→ WHAT THE TASK REQUIRES: In the records below, find the line with "-同仁四季椰子鸡(宝安壹方城店)", then copy each line exactly until you have copied the line with "Онучина Юлия Николаевна". Leave any picture out.

→ RECORDS FOR THE TASK:
=== Section Start ===
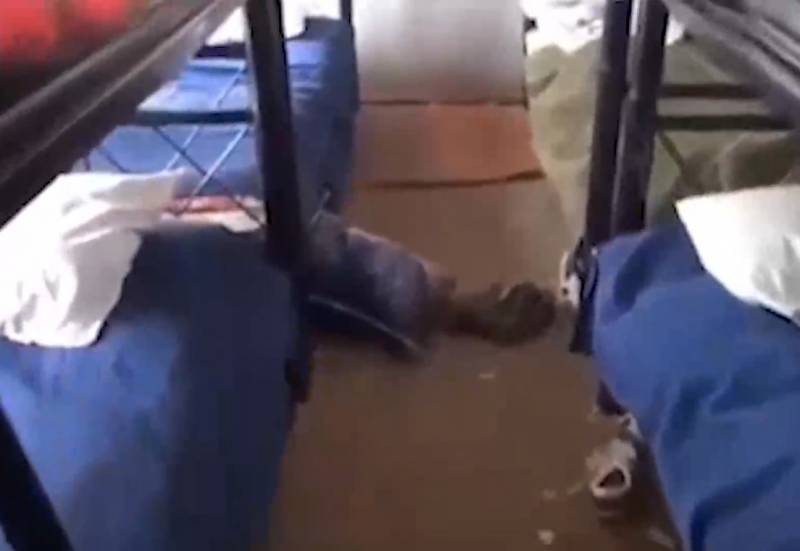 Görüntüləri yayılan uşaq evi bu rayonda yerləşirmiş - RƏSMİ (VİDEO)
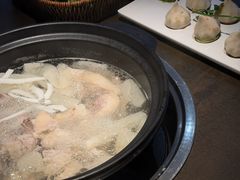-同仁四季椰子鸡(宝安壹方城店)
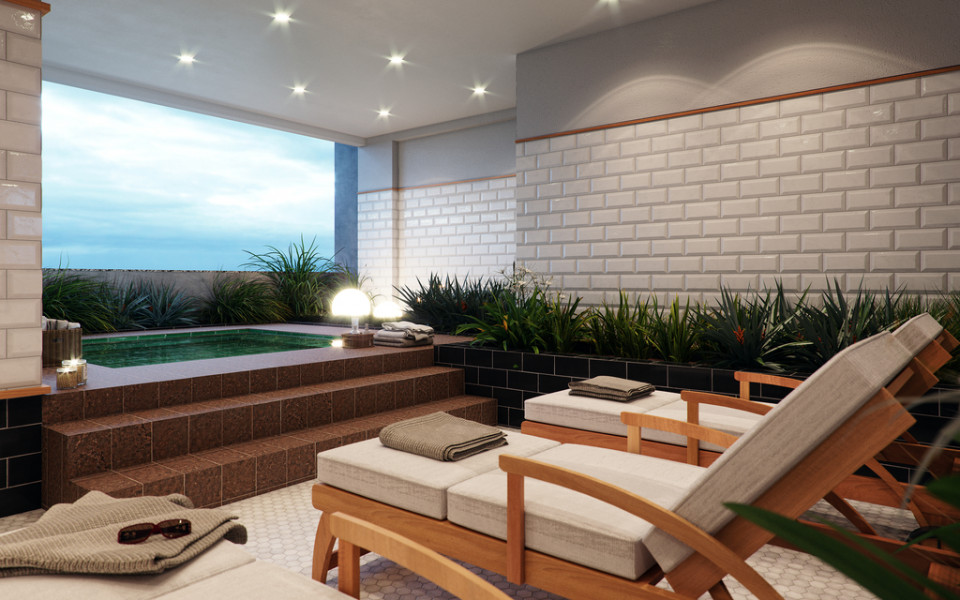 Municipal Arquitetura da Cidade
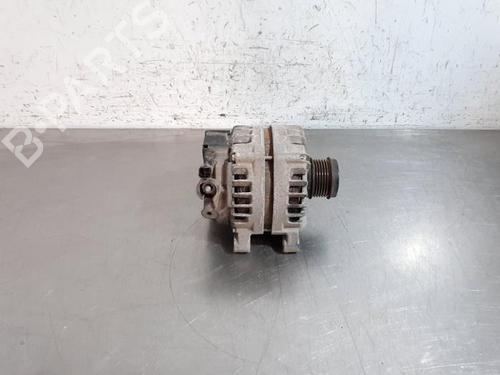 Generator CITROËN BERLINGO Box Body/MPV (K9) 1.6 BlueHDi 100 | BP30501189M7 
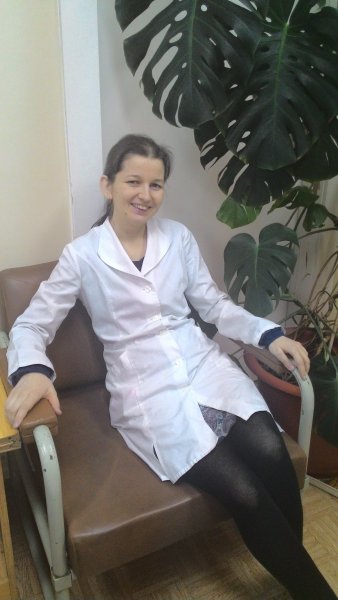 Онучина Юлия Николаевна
=== Section End ===
=== Section Start ===
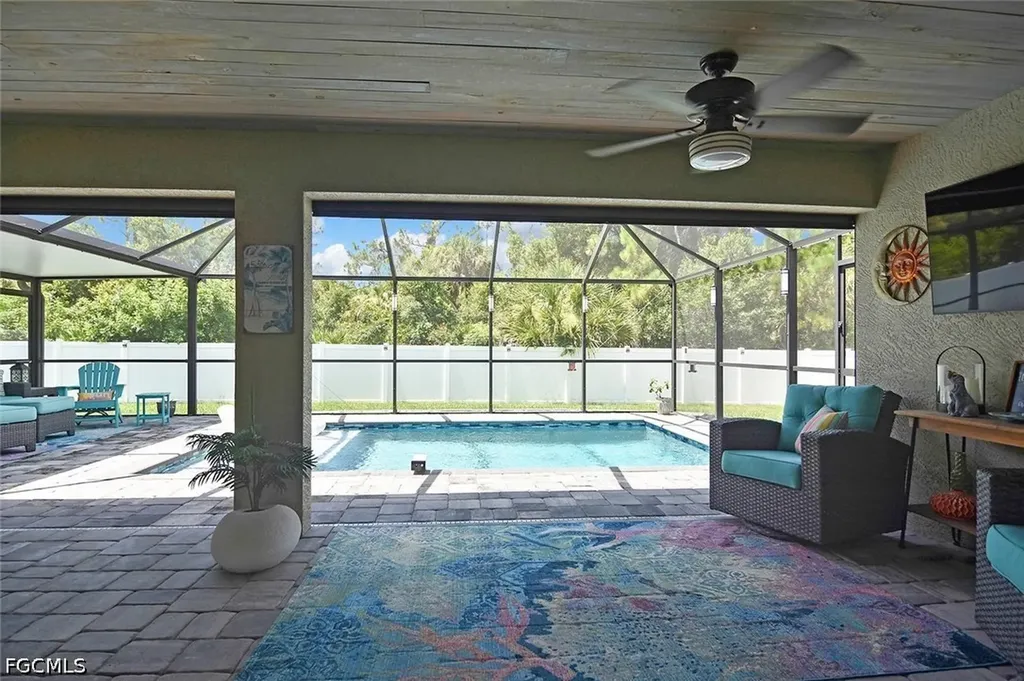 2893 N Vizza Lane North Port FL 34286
=== Section End ===
→ SOLUTION TO THE EXERCISE:
-同仁四季椰子鸡(宝安壹方城店)
 Municipal Arquitetura da Cidade
 Generator CITROËN BERLINGO Box Body/MPV (K9) 1.6 BlueHDi 100 | BP30501189M7 
 Онучина Юлия Николаевна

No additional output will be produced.